WeasyPrint icon indicating copy to clipboard operation
WeasyPrint copied to clipboard

Declarative way to add accessibility tags to PDFs

Open codekiln opened this issue 4 years ago • 16 comments

In many industries, accessibility is a big deal. It's impossible for a PDF to be considered accessible unless it's "tagged":

  1. WebAIM's guide to accessible PDFs
  2. Section 508's guide to creating accessible PDFs
  3. Acrobat's Accessibility Portal
  4. U of MN's guide to Accessible PDFs
  5. WebAIM mailing list archives that mention WeasyPrint

If accessibility tagging was added to weasyprint, it would be an ace in the hole for many industries. The current state of the art seems to be to do a whole lot of clicking in acrobat.

If the input HTML had certain special attributes, weasyprint could apply the equivalent accessibility tags.

codekiln avatar Mar 25 '20 19:03 codekiln

It would be possible if we had our own PDF generator or post-processor. If someone is interested in replacing Cairo…

liZe avatar Apr 02 '20 12:04 liZe

@liZe

  1. how much work would you think it is to replace Cairo ?
  2. to what you would suggest to replace it to ?

malnajdi avatar Apr 07 '20 14:04 malnajdi

  1. how much work would you think it is to replace Cairo ?

A lot (see #841).

  1. to what you would suggest to replace it to ?

A pure-Python library generating PDF. I’m not fond of reportlab, but something like that should be OK.

(I’m currently reading the PDF spec to write such a library, but that’s a secret :wink:.)

liZe avatar Apr 07 '20 16:04 liZe

This sounds very interesting. I would really appreciate the effort to implement the tagging of PDF documents.

NicolasGoeddel avatar Jul 30 '20 15:07 NicolasGoeddel

Dear Lize!

We also now have the requirement of a tagged and accessible PDF. After some research I found: https://www.cairographics.org/news/cairo-1.16.0/

The PDF backend has gained support for .. tags. Tags permit adding logical info such as headings, tables, figures, etc. that facilitates indexing, accessibility, text reflow, searching, and extraction of the tagged items to other software. For details on this new PDF functionality, see: https://lists.cairographics.org/archives/cairo/2016-June/027427.html

And directly in the Cairo docs: https://www.cairographics.org/manual/cairo-Tags-and-Links.html#doc-struct

It does seem to me, that Cairo does indeed support the required structural tagging.

As a standard HTML uses all these tags allready, it should be quite straight forward to map those to the appropriate PDF-Tags?

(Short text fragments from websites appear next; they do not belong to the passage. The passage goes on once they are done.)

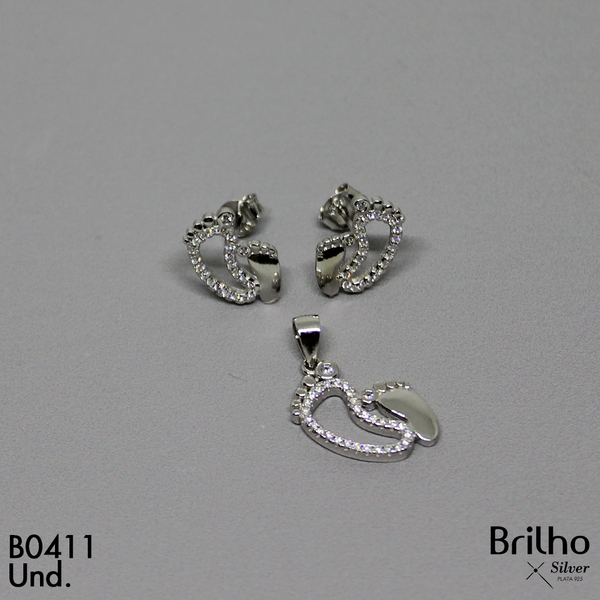 T1N268 JUEGO HUELLA MICROCIRCON RODIO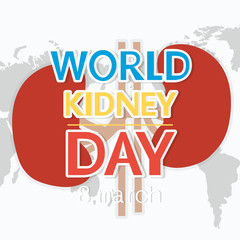 Hand-painted kidney and the inscription of the World Kidney Day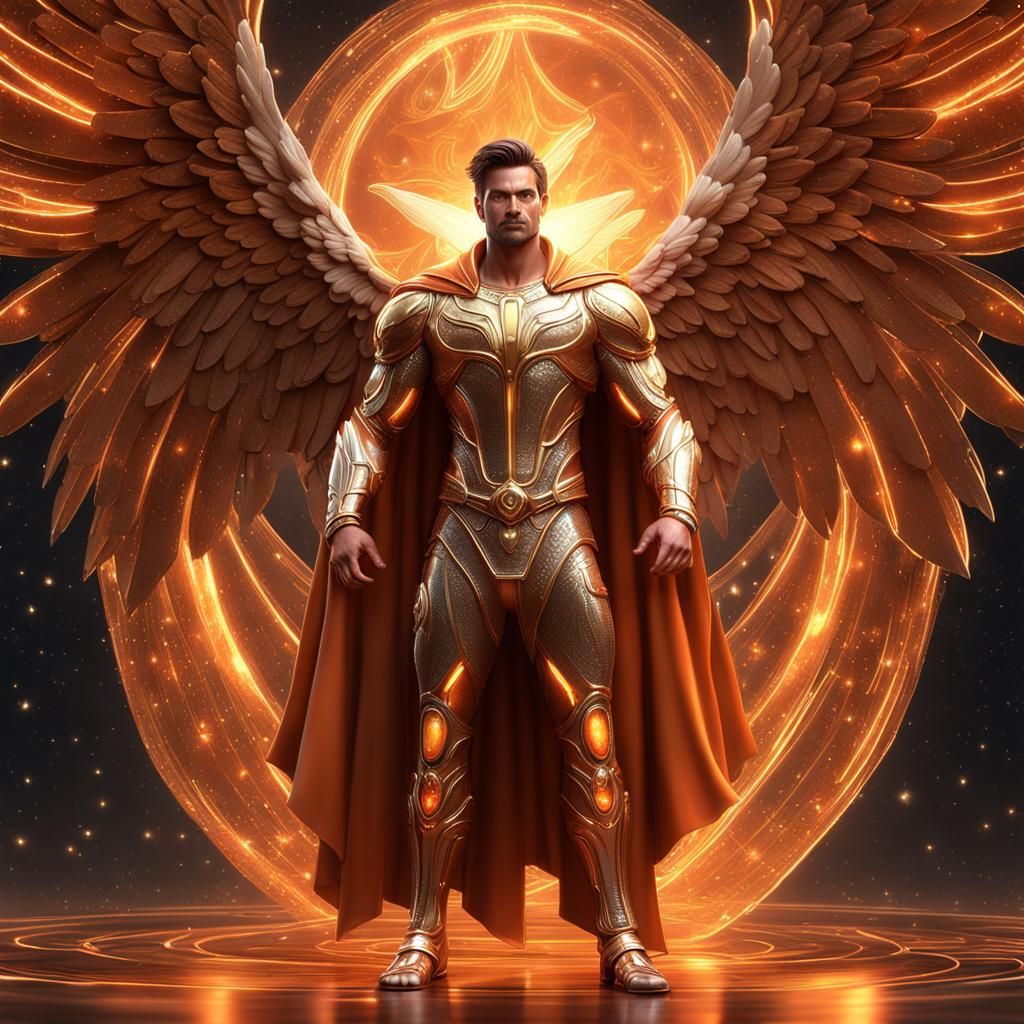 Angel Guardian of Stars in Copper and Orange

Let me know, if we can assist in any way to help this issue along!

As always, thanks a lot for your great library!

Johannes

JohannesMunk avatar Aug 08 '20 09:08 JohannesMunk

It does seem to me, that Cairo does indeed support the required structural tagging.

It does, you’re right!

It means that it could be possible to add tags using Cairo. I don’t think that there’s currently an easy way to do this using only the public API of WeasyPrint, even with the new finisher option. We’ll drop Cairo soon, but it will be possible to do this with another library too.

If anyone wants to work on this, I can help!

liZe avatar Aug 09 '20 14:08 liZe

Great news!

  1. Without any promises, how soon will you be dropping Cairo?
  2. Assuming that 1) will not be happening in the next 4 weeks, if we supported your patreon campaign, would you be willing to tackle this issue still using Cairo?
  3. If not, I would welcome some ideas on where and how you would like to see me implement this..

JohannesMunk avatar Aug 09 '20 15:08 JohannesMunk

  1. Without any promises, how soon will you be dropping Cairo?

Next release will come in September (I hope), next one will be without Cairo (may take time for users to test and report broken corner cases).

2. Assuming that 1) will not be happening in the next 4 weeks, if we supported your patreon campaign, would you be willing to tackle this issue still using Cairo?

Big secret: we’re currently building a small structure dedicated to WeasyPrint and its dependencies (and misc free software), you shouldn’t give to the patreon campaign and wait for a the end of the month, we’ll have more time and more resources to implement the features you want :wink:.

3. If not, I would welcome some ideas on where and how you would like to see me implement this..

It will be easier without Cairo, as we’ll have a dedicated library to create PDF files, and won’t have the Cairo surface / PDF bytestring separation as it’s done now.

liZe avatar Aug 09 '20 19:08 liZe

Sounds great! Looking forward to a bright future, where pdf writing is fully under your control :-)

But I can't put our current project on that timetable. So I just looked into the code.. it was very straight forward to put a few calls to context.tag_begin and tag_end into draw.py with the appropriate mappings from element_tag. Works great! Checked with PAC3 and Adobe Acrobat. Next step will be nested sections and table structures.

Will keep you posted!

JohannesMunk avatar Aug 10 '20 16:08 JohannesMunk

So I just looked into the code.. it was very straight forward to put a few calls to context.tag_begin and tag_end into draw.py with the appropriate mappings from element_tag.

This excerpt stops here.